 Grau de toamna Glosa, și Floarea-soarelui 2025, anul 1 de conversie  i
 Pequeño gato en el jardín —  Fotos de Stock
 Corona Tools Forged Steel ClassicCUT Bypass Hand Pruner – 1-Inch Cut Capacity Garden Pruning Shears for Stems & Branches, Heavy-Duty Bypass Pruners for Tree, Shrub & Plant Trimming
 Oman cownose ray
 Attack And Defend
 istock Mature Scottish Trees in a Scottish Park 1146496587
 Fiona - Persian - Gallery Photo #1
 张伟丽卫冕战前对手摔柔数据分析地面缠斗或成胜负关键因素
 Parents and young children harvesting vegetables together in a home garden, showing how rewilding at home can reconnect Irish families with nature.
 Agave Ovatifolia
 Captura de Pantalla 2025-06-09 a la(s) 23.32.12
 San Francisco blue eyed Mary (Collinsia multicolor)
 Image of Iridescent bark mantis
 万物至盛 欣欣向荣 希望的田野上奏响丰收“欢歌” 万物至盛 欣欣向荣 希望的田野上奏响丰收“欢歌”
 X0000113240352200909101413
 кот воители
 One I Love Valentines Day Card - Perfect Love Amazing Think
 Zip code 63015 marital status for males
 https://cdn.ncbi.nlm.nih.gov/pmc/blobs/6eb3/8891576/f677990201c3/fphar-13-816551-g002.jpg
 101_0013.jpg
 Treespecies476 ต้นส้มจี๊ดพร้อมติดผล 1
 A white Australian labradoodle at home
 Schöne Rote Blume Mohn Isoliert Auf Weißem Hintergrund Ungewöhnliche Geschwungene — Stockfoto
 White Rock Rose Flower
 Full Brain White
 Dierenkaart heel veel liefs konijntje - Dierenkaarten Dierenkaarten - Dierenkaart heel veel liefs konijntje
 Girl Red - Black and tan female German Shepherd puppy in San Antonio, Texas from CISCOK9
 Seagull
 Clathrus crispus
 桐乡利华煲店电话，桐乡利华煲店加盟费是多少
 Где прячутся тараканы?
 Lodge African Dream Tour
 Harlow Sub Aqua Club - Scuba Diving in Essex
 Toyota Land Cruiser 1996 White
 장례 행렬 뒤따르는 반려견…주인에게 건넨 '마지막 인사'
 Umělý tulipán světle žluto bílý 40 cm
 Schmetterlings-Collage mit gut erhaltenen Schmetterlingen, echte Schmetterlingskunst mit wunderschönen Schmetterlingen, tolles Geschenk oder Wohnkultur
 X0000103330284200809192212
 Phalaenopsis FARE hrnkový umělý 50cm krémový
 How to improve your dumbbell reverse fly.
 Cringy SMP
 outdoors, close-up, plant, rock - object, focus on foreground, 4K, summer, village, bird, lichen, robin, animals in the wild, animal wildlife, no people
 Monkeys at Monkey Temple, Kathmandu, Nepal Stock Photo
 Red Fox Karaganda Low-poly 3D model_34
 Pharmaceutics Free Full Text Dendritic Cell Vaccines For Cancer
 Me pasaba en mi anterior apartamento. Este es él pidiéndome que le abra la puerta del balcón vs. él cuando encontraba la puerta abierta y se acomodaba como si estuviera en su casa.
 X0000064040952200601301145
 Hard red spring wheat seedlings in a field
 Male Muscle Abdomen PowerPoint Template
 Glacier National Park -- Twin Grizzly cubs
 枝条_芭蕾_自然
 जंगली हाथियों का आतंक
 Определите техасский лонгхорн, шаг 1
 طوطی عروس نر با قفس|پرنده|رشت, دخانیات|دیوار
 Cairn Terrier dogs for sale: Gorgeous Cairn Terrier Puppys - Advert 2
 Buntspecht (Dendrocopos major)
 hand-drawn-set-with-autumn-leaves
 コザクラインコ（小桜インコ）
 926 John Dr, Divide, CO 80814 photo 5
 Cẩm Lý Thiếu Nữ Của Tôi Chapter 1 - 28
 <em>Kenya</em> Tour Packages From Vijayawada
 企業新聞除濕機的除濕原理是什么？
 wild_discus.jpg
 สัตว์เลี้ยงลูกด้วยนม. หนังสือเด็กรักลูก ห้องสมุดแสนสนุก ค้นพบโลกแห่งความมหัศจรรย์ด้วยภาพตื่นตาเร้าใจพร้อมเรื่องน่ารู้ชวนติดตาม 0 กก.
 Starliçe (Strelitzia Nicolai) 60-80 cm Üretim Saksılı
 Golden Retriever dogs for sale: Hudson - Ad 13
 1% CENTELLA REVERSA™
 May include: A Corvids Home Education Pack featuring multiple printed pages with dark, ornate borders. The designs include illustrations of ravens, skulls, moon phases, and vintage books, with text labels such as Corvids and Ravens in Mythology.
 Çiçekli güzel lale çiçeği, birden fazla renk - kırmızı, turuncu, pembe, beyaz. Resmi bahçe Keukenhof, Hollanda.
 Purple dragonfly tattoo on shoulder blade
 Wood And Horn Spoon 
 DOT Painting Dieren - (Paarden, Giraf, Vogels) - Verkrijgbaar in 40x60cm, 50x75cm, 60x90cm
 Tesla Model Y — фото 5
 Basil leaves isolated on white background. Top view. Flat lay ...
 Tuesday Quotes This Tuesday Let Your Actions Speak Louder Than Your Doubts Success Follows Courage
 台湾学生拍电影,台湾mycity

TASK PROMPT: Go line by line through the material above and return each one that includes "leaves".

RESULT OF THIS EXERCISE:
 hand-drawn-set-with-autumn-leaves
 Basil leaves isolated on white background. Top view. Flat lay ...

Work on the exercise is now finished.